Nach der Revolution im Jahr 2011 war Libyen zunächst mit grossem Entwicklungspotenzial gestartet. Das Land hat wenig Einwohner, gleichzeitig aber viel Erdöl, das noch für mindestens zwei Generationen reichen wird. Im Volk herrschte nach dem Sturz von Muammar al-Ghadhafi eine positive Aufbruchsstimmung – vor allem die Jugend des Landes dachte, viel bewegen zu können.

Was ist daraus geworden?
Die Ereignisse deuten auf einen Zerfall des Landes. Libyen droht, zu einem «failed state» zu werden. Der Staat schafft es nicht, die innere Sicherheit des Landes zu garantieren. Die Milizen lassen sich nicht freiwillig entwaffnen, weil sie Angst haben, damit die letzten Möglichkeiten politischer Einflussnahme abzugeben. Das birgt natürlich grosses Bedrohungspotenzial – wie vor einigen Wochen demonstriert, als die Milizen Ministerien umstellt hatten. Sie unterstellten – und das zu Recht –, dass dort weiterhin alte Seilschaften aus der Ghadhafi-Zeit in einflussreichen Positionen sind. Die Revolutionäre fühlen sich um die Früchte ihrer Revolution betrogen.

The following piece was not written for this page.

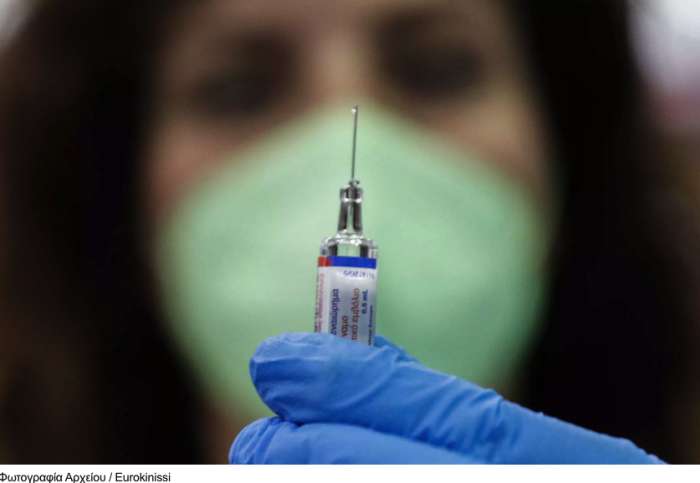 Εξαδάκτυλος για εμβόλια COVID-19 στα φαρμακεία: «Οι πολίτες θα πληρώνουν για χειρότερες συνθήκες»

Es scheint, als würden die Milizen immer weiter an Einfluss gewinnen. Auf ihren Druck wurde vor einigen Wochen etwa das «Gesetz für politische Isolation» verabschiedet. Wie lässt sich ihr Einfluss verringern?
Libyen muss die Macht von Polizei und Armee stärken. Um einer friedlichen Lösung willen müssen die Milizen entwaffnet werden. Gleichzeitig ist die Integration all derer unglaublich wichtig, die im Moment noch vom politischen Prozess ausgeschlossen sind. Dazu zählen vor allem die Bewohner der südlichen und zentralen Sahara, alle Berber- und Tuareggruppen. Diese Gruppen wurden von Ghadhafi unterstützt und sind auch lange nach seinem Tod immer noch glühende Anhänger. Im Moment sind drei Viertel der Fläche des Landes nur bedingt kontrollierbar – die Menschen nehmen das Gesetz dort selbst in die Hand.

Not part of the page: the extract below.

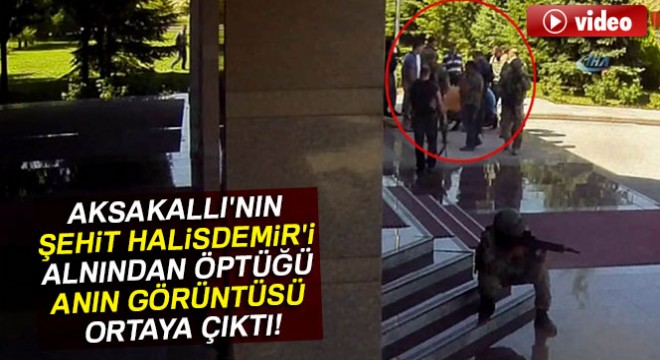 Aksakallı Halisdemir'i alnından böyle öptü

Wie lässt sich diese friedliche Lösung konkret umsetzen? In den letzten zwei Jahren ist eine Entwaffnung der Milizen kläglich gescheitert.
Nur über Druck – und das würde gleichzeitig neue Kämpfe bedeuten. Das libysche Militär ist aber eindeutig zu schwach, um diesen Druck aufzubauen. Auch eine erneute militärische Einmischung von aussen wäre nicht wünschenswert. Es muss also eine politische Lösung gefunden werden, die den Milizen das Gefühl gibt, ihre Interessen seien auch politisch vertreten. Wenn in den Ministerien aber weiterhin die alten Strippenzieher an der Macht bleiben, werden sie dieses Gefühl nicht bekommen – und eine Lösung des Konflikts rückt in weite Ferne.

Was passiert denn, wenn die ehemaligen Ghadhafi-Anhänger entlassen werden? Gibt es ernst zu nehmende Alternativen?
Das Personelle ist hierbei nicht so wichtig, viel wichtiger ist es, die alten Machtstrukturen zu durchbrechen. Für die Menschen signalisiert die Macht des Militärs, dass die Unterdrückungsinstrumente von damals wieder an Kraft gewinnen – das ist auch der Grund für die aktuellen Proteste.

Welche Rolle spielen die Islamisten in diesem Machtkampf?
Die Rolle der Islamisten in Libyen ist lange Zeit überschätzt worden. Im Vergleich zu Tunesien und Ägypten wurden die Islamisten bei den Wahlen im Juli 2012 selten gewählt. Die Wahlen waren immer wieder verschoben worden – und so hatte man genug Zeit, sich eine Wahl islamistischer Kräfte gut zu überlegen. Die Wähler haben ihnen viel seltener ihre Stimme gegeben, als der Westen befürchtet hatte. Im Wesentlichen konzentrieren sich die Islamisten auf die Region um Benghazi – eine Stadt, die traditionell schon immer einen Gegenpol zur Hauptstadt Tripolis bildete. Es gab schon immer Rivalitäten zwischen den Regionen, angefangen in der Antike. Die Problematik besteht darin, dass die Islamistenmilizen ihre Waffen niemals freiwillig abgeben werden – es entsteht ein Teufelskreis.

Wie lässt sich dieser Teufelskreis durchbrechen?
Das einzige Mittel ist, die Milizenführer zu überzeugen. Sie müssen glauben, dass sie sich mit politischen Mitteln besser durchsetzen können als mit Waffengewalt. Nur wenn die ehemaligen Ghadhafi-Leute öffentlich sichtbar aus allen Ministerien entlassen werden, entsteht Vertrauen in die Exekutive.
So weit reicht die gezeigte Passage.